Supplied material>
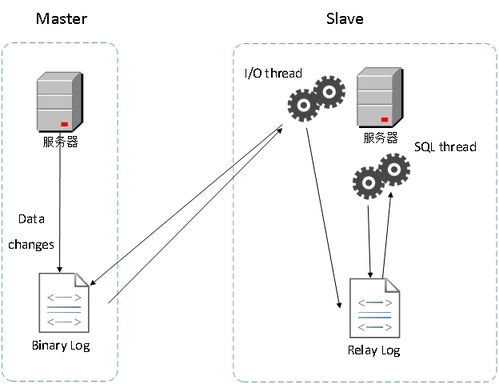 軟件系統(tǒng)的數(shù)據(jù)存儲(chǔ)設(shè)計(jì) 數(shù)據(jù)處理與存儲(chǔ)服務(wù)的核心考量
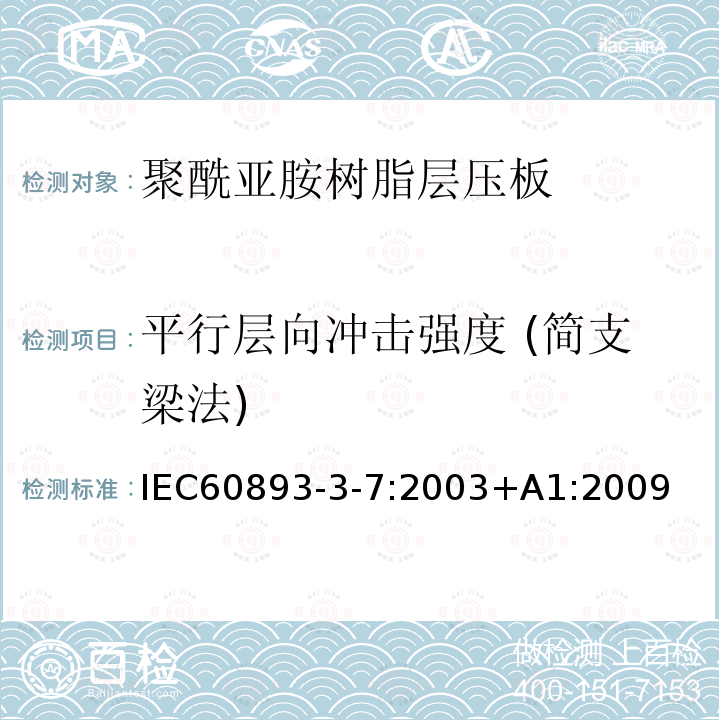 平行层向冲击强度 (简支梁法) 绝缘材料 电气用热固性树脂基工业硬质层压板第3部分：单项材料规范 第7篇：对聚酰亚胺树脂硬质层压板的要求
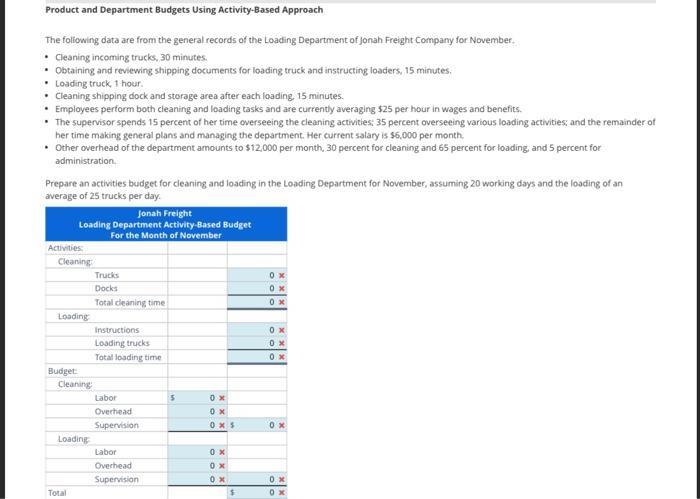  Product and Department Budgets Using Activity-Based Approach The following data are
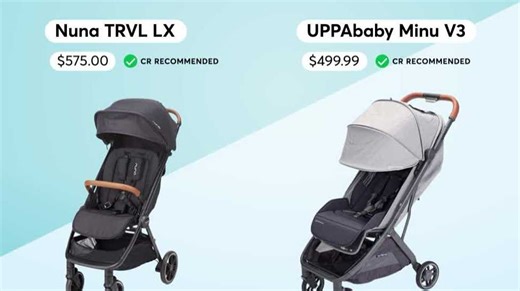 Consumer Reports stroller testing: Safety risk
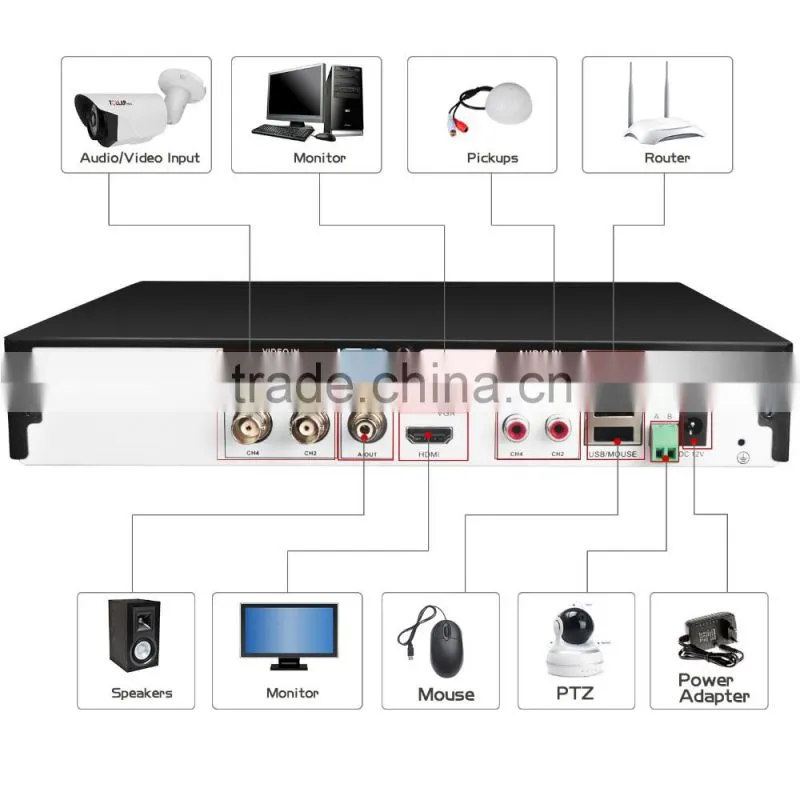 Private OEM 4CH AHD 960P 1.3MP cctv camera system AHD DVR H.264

--

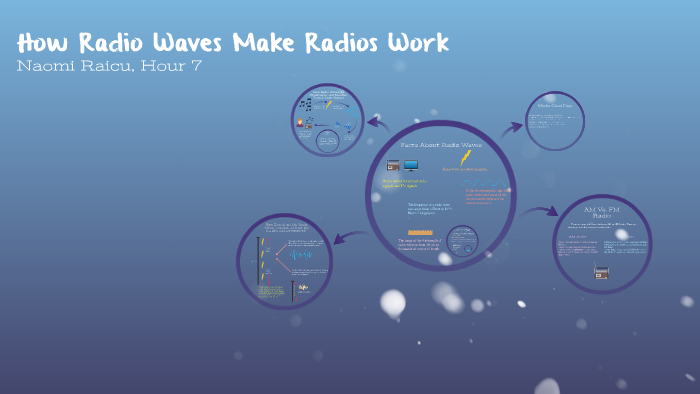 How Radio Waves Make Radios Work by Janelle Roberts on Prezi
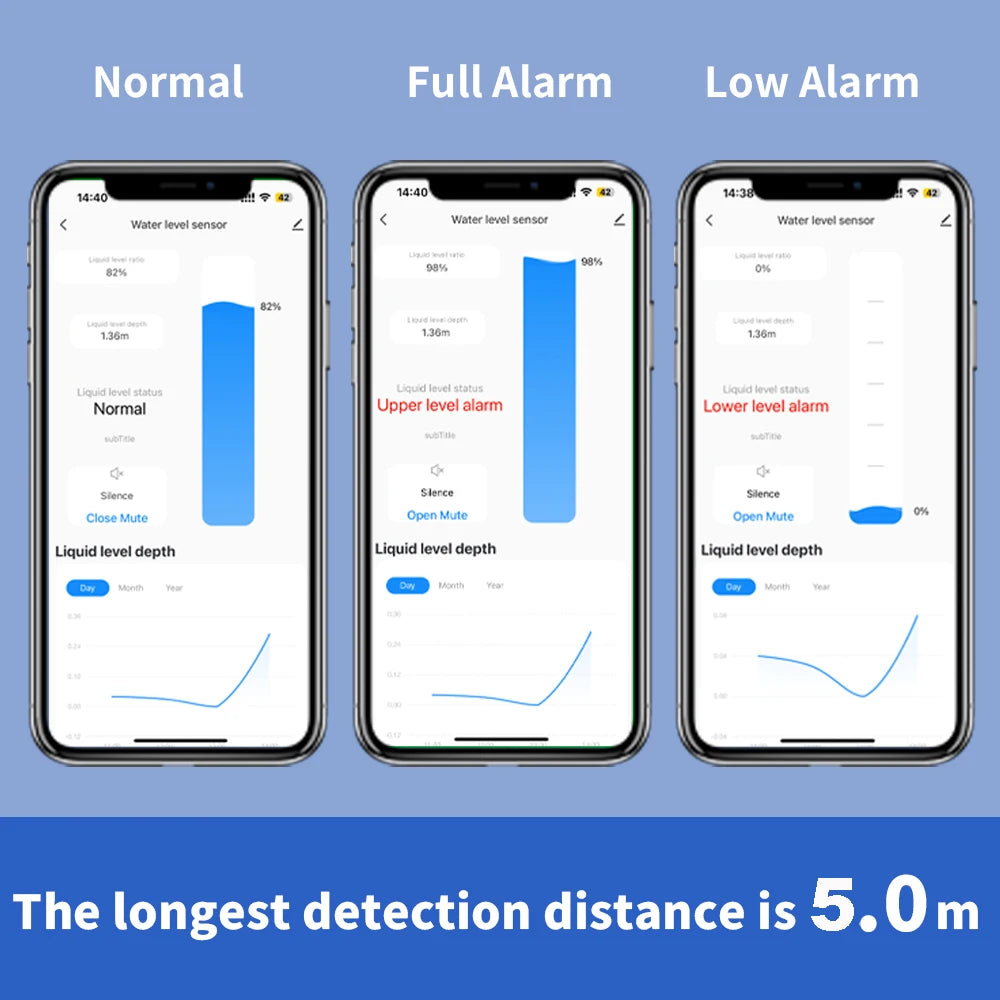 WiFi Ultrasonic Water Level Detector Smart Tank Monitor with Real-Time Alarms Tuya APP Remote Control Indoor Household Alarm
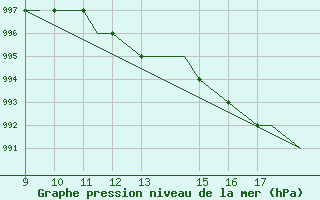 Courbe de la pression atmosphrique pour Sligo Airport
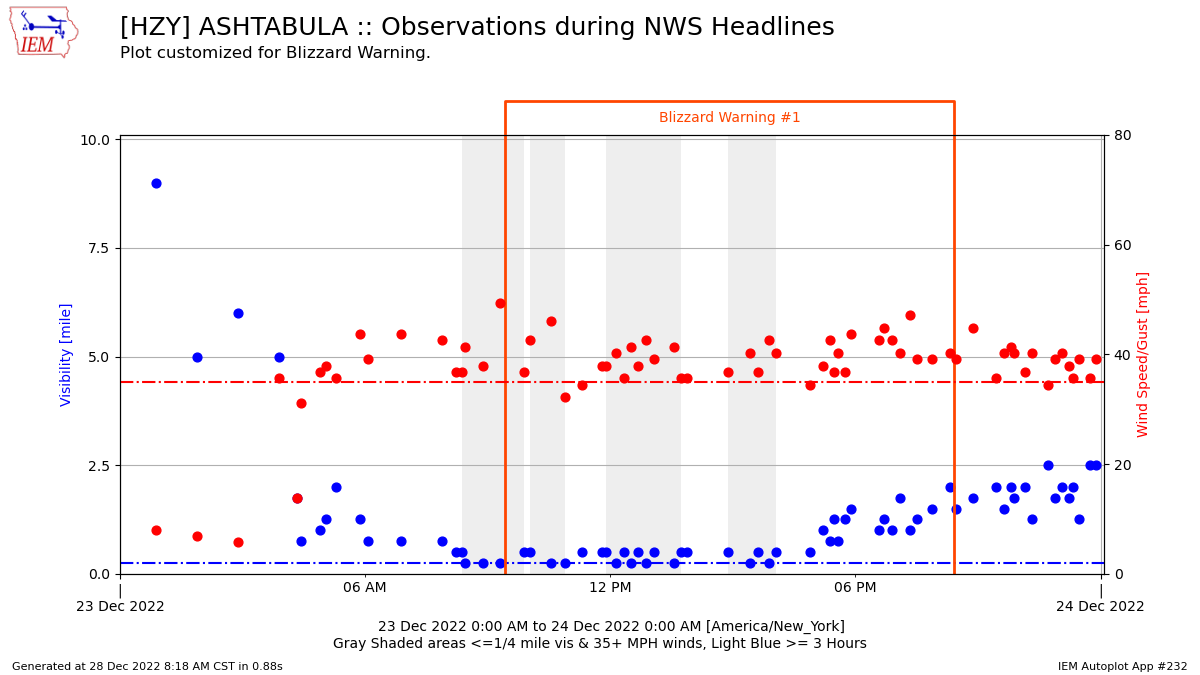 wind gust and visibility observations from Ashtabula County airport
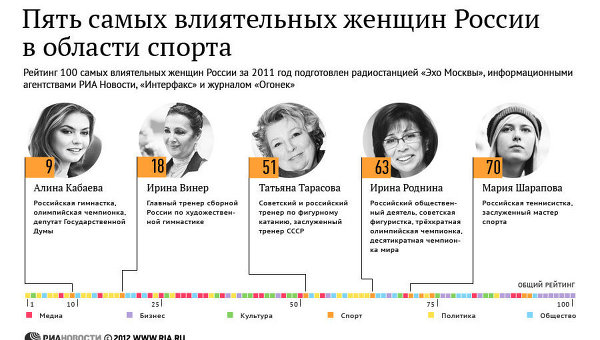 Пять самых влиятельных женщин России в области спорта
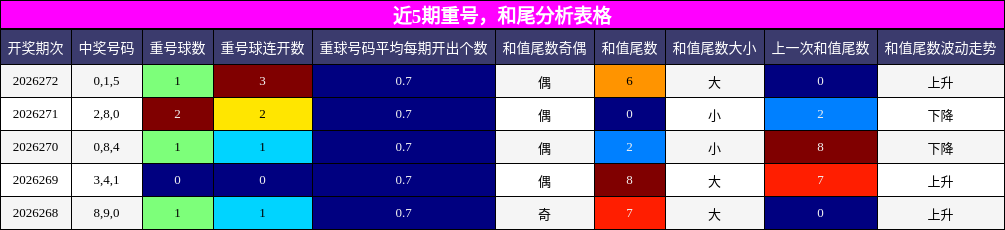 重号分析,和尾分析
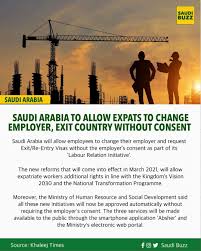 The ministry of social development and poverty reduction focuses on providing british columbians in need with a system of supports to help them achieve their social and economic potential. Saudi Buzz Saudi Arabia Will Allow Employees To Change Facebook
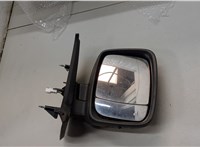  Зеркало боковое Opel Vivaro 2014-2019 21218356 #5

What is expected> Nothing but the lines above, starting at the line that contains "wind gust and" and ending at the line that contains "Зеркало боковое Opel", should be given again, exactly and without the pictures.

Task output>
 wind gust and visibility observations from Ashtabula County airport
 Пять самых влиятельных женщин России в области спорта
 重号分析,和尾分析
 The ministry of social development and poverty reduction focuses on providing british columbians in need with a system of supports to help them achieve their social and economic potential. Saudi Buzz Saudi Arabia Will Allow Employees To Change Facebook
  Зеркало боковое Opel Vivaro 2014-2019 21218356 #5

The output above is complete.